Begin your copy at the line that holds "this 250×188 image." and carry it through the final line of the data, writing out each line exactly and omitting pictures.

Data ::
- Opening Delimiter -

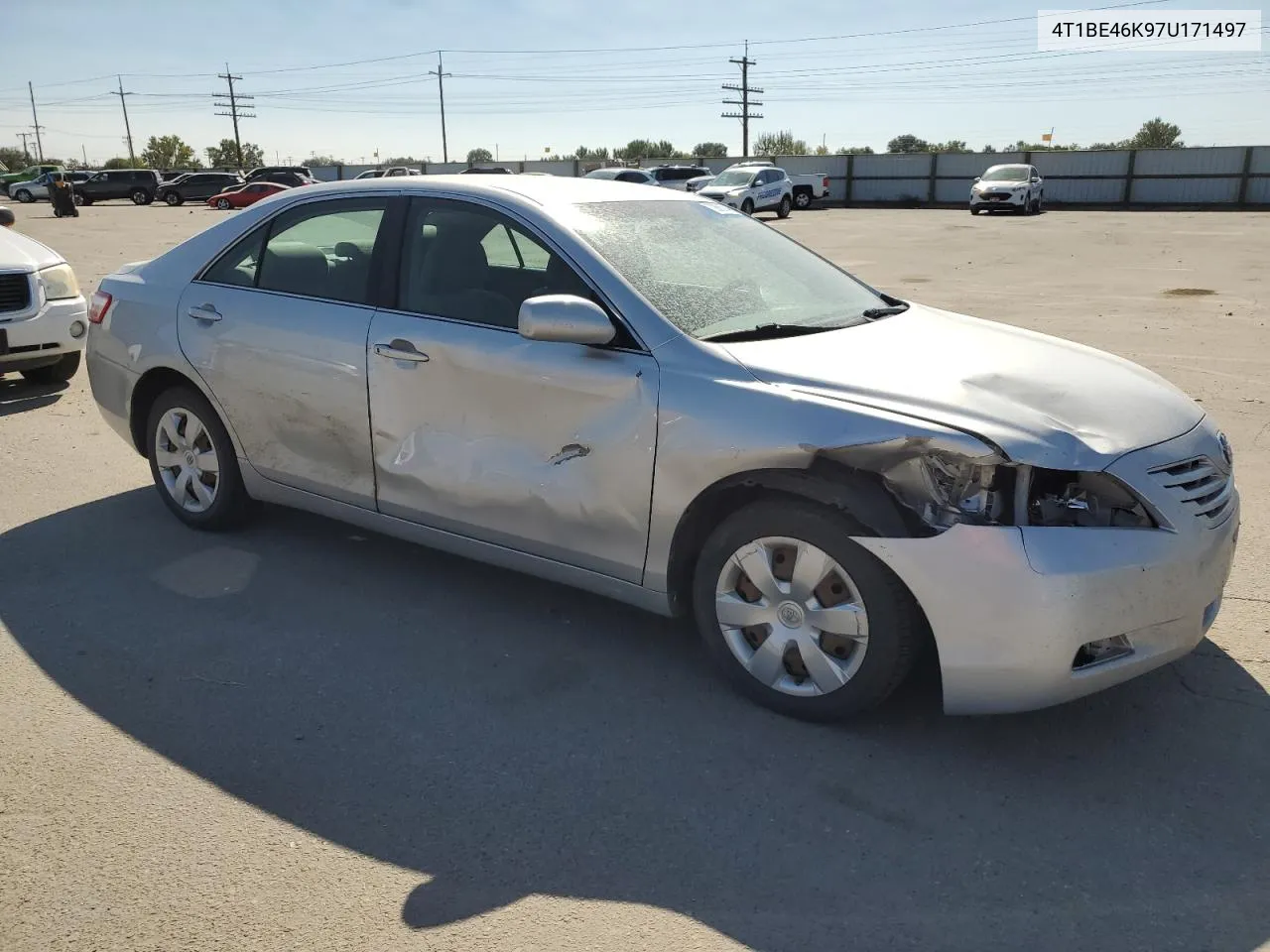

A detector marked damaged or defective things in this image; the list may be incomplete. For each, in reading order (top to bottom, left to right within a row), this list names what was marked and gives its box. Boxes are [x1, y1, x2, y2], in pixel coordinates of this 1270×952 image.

dented door panel [367, 313, 659, 579]
damaged silver sedan [84, 175, 1238, 718]
broken headlight assembly [877, 452, 1159, 532]
crumpled front bumper [849, 424, 1238, 714]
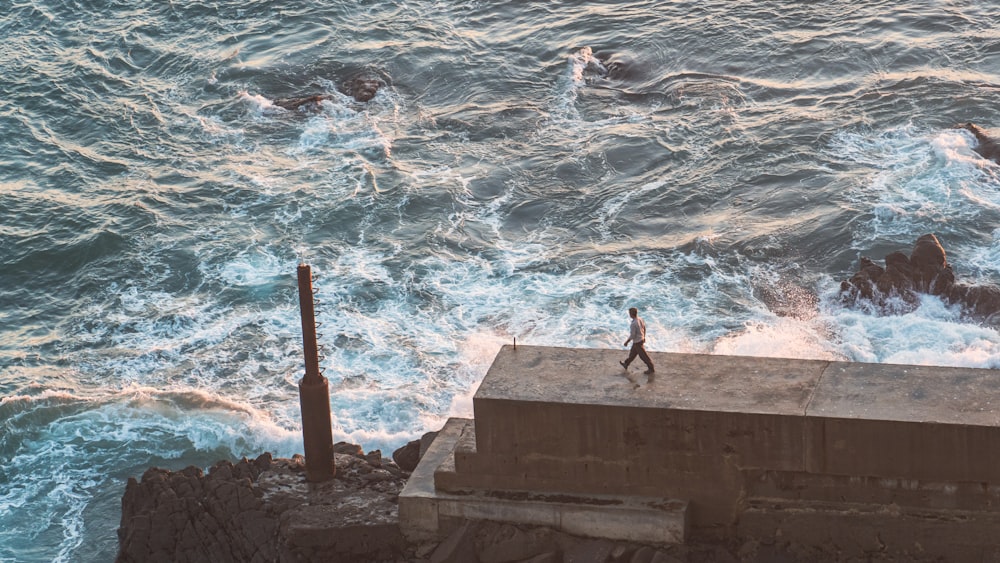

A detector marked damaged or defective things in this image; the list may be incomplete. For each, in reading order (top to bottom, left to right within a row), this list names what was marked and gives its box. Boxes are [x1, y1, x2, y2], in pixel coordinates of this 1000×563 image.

rusty metal post [294, 264, 334, 480]
corroded pole [296, 264, 336, 480]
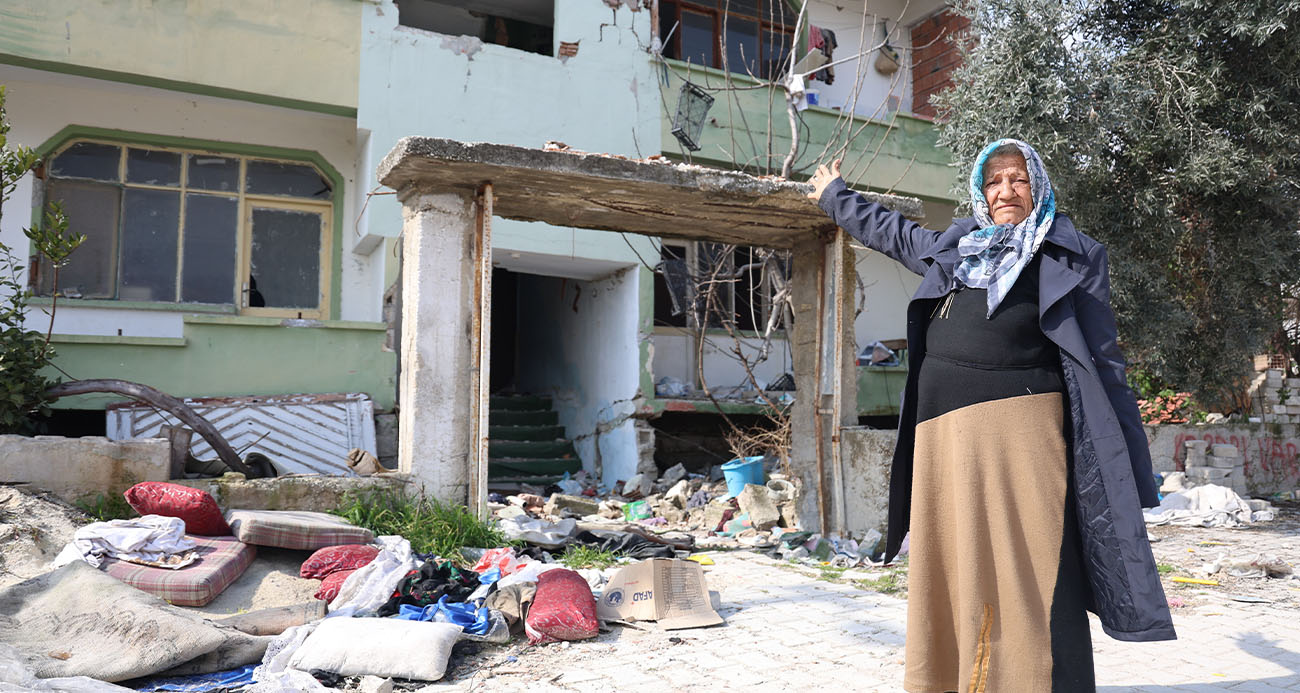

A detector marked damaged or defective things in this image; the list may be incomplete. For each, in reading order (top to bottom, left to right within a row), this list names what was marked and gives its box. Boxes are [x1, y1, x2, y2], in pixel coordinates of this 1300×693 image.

broken window [398, 0, 556, 56]
broken window [660, 0, 788, 79]
broken window [43, 141, 332, 318]
broken concrete block [540, 492, 600, 520]
broken concrete block [624, 470, 652, 498]
broken concrete block [660, 462, 688, 484]
broken concrete block [664, 478, 692, 506]
broken concrete block [736, 484, 776, 532]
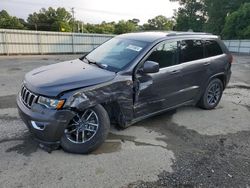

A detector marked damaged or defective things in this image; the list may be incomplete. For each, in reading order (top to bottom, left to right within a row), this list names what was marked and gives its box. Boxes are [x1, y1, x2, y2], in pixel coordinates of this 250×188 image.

cracked pavement [0, 54, 249, 187]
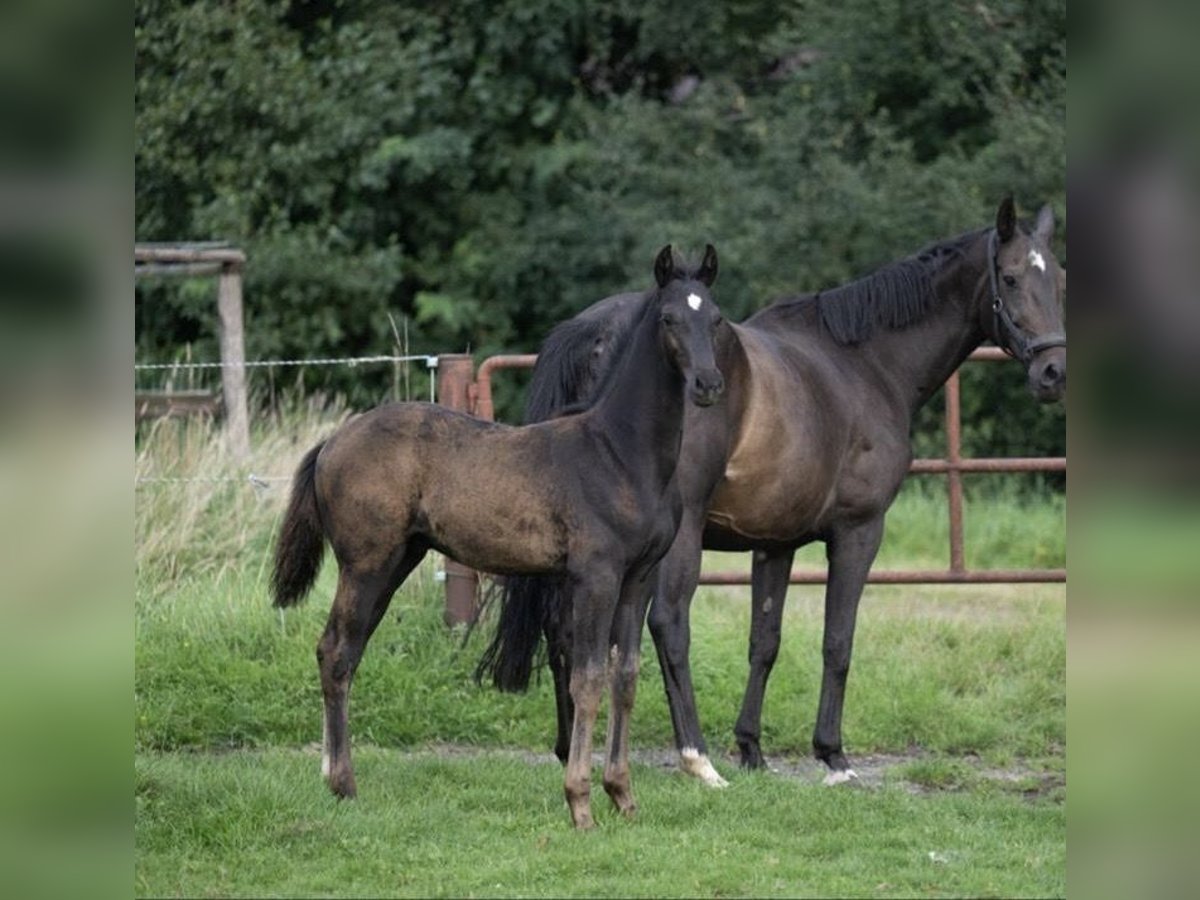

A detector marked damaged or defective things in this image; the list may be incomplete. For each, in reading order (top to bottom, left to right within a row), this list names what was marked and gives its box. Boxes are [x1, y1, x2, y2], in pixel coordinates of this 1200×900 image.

rusty metal gate [434, 346, 1072, 624]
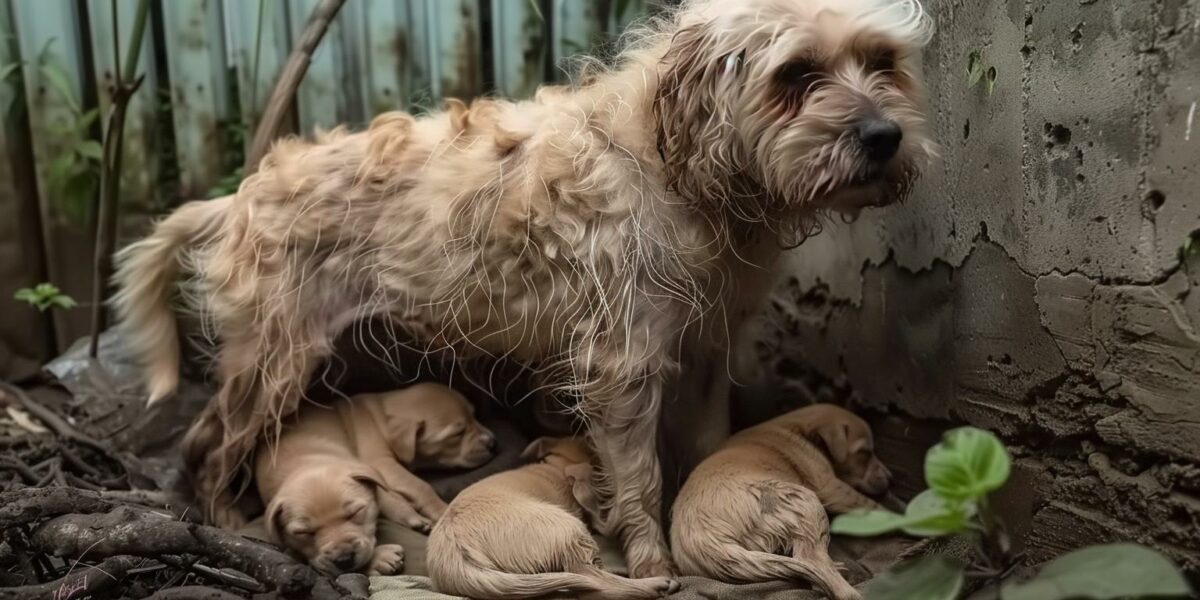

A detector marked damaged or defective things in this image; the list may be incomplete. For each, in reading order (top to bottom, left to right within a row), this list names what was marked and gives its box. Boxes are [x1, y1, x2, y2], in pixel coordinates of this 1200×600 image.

cracked concrete wall [748, 0, 1200, 568]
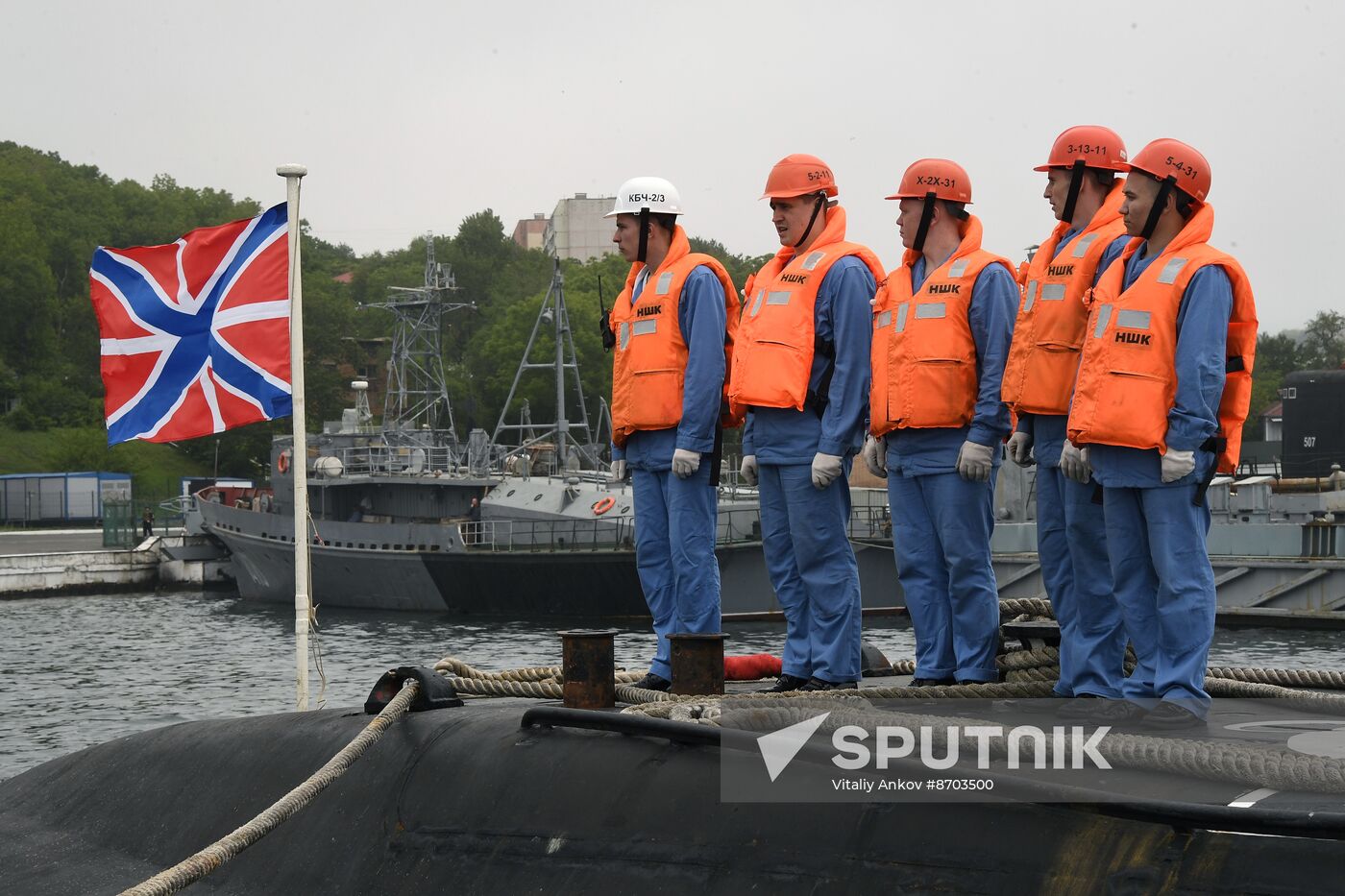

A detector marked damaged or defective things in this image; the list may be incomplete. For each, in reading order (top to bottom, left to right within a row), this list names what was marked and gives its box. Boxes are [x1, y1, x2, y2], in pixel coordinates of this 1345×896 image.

rusty bollard [556, 626, 619, 705]
rusty bollard [664, 632, 726, 693]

- Closing Delimiter -

Worked solution ::
A detector marked damaged or defective things in this image; the list may be incomplete. For each, in reading order (top to bottom, left to right within a row), this list names what was marked and gives its box. Boxes are [x1, y1, x2, y2], in pixel coordinates of this 250×188 image.

cracked pavement [0, 54, 249, 187]

A detector marked damaged or defective things in this image; the list may be incomplete. For each, in reading order (top to bottom, left to right within a row), this list names what was marked and gives its box. Boxes are [x1, y1, x2, y2], in pixel coordinates of this 1200×900 image.

rusty metal gate [434, 346, 1072, 624]

A detector marked damaged or defective things in this image; the list may be incomplete. For each, in reading order (top to bottom, left to right within a row), this list names what was marked and gives its box. Boxes are [x1, y1, x2, y2], in pixel coordinates of this 1200×600 image.

cracked concrete wall [748, 0, 1200, 568]

A detector marked damaged or defective things in this image; the list may be incomplete. For each, in reading order (top to bottom, left to right within a row), this list names what was marked and gives its box. Boxes are [x1, y1, x2, y2], in pixel coordinates of this 1345×896 image.

rusty bollard [556, 626, 619, 705]
rusty bollard [664, 632, 726, 693]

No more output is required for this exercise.